#### [Task instructions]
The listing is to be repeated exactly, and its pictures are to be left out.

#### [Data]
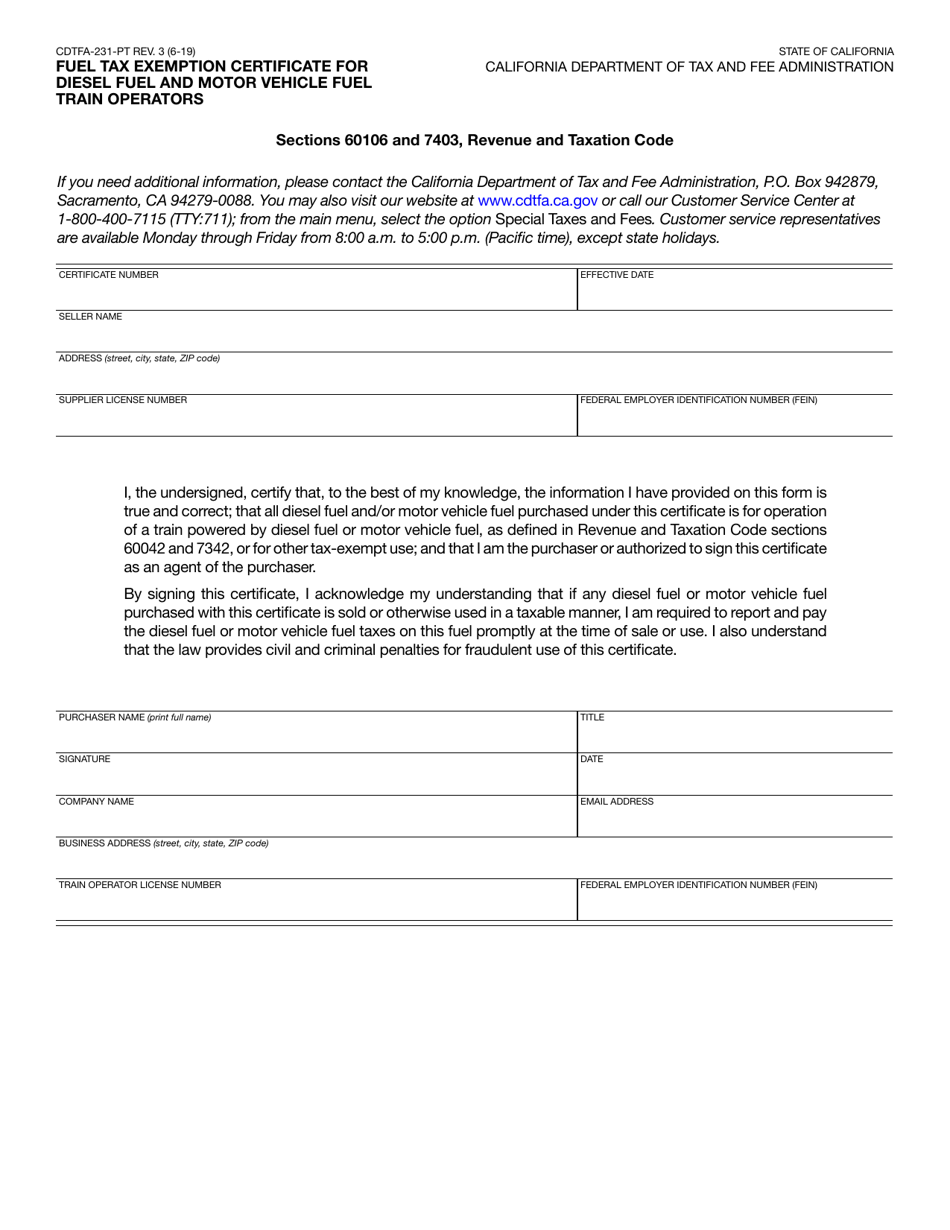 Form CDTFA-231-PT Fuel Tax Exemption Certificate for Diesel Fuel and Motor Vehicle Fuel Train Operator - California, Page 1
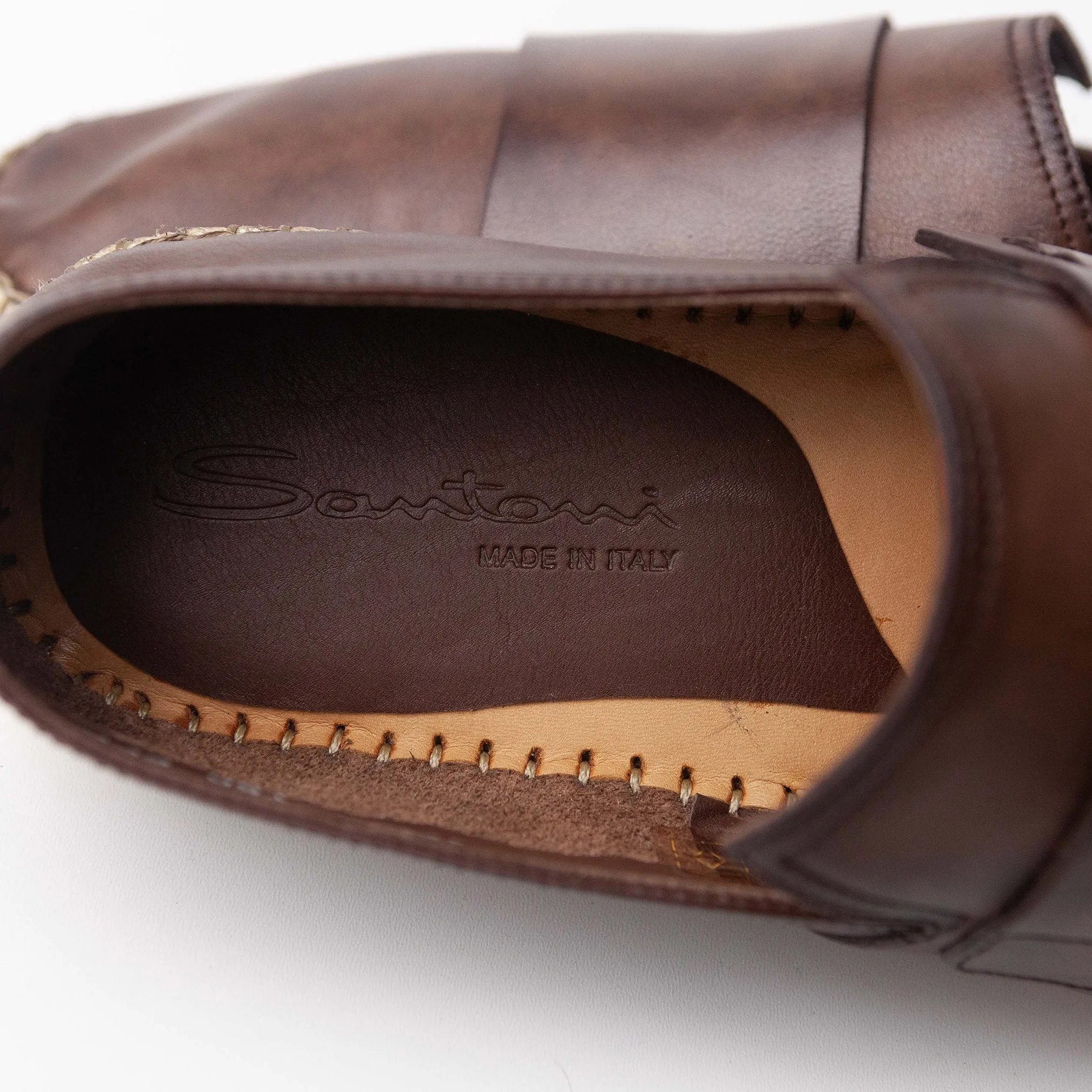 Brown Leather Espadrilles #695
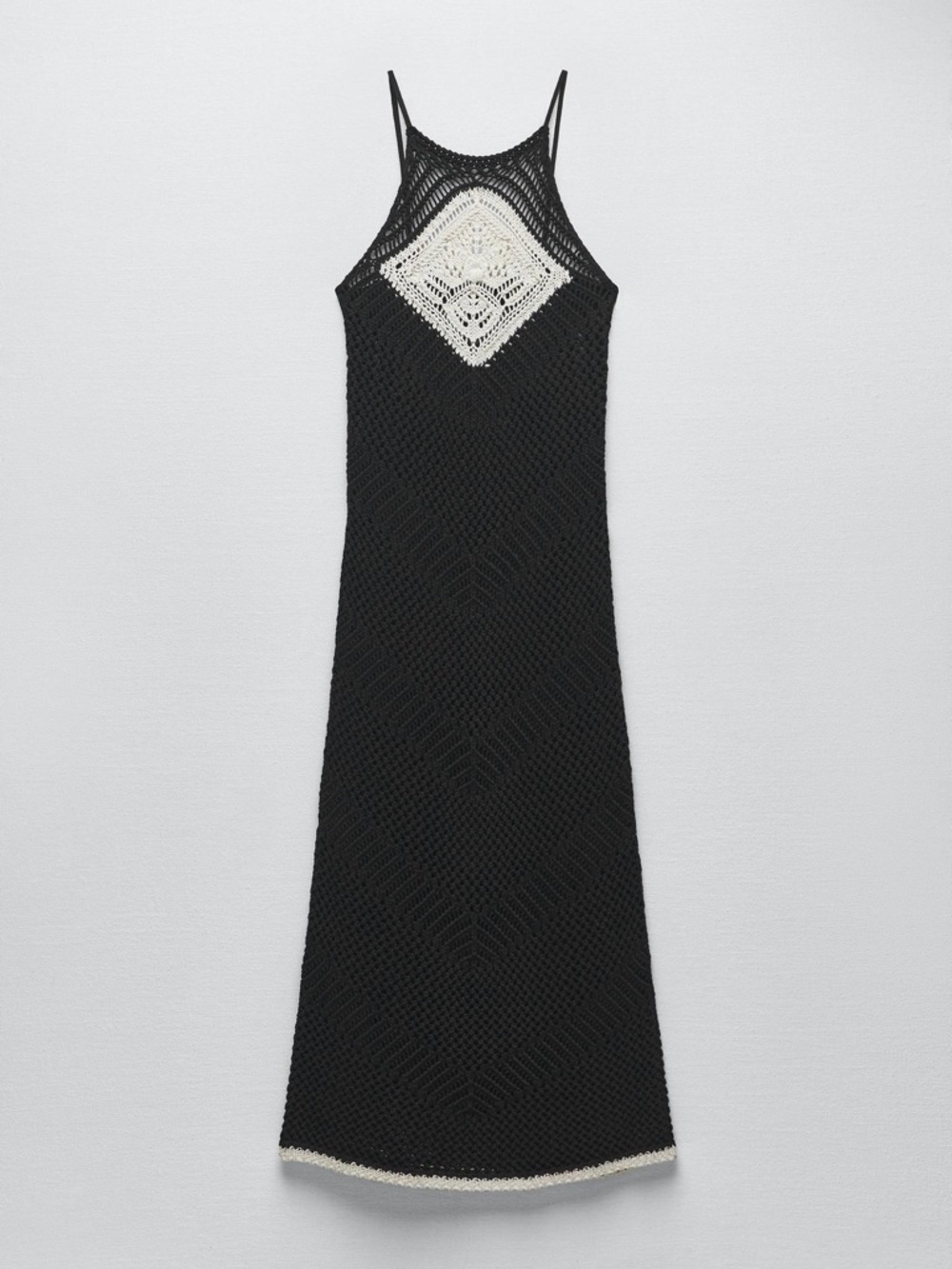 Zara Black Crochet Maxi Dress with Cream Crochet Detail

#### [Problem solution]
 Form CDTFA-231-PT Fuel Tax Exemption Certificate for Diesel Fuel and Motor Vehicle Fuel Train Operator - California, Page 1
 Brown Leather Espadrilles #695
 Zara Black Crochet Maxi Dress with Cream Crochet Detail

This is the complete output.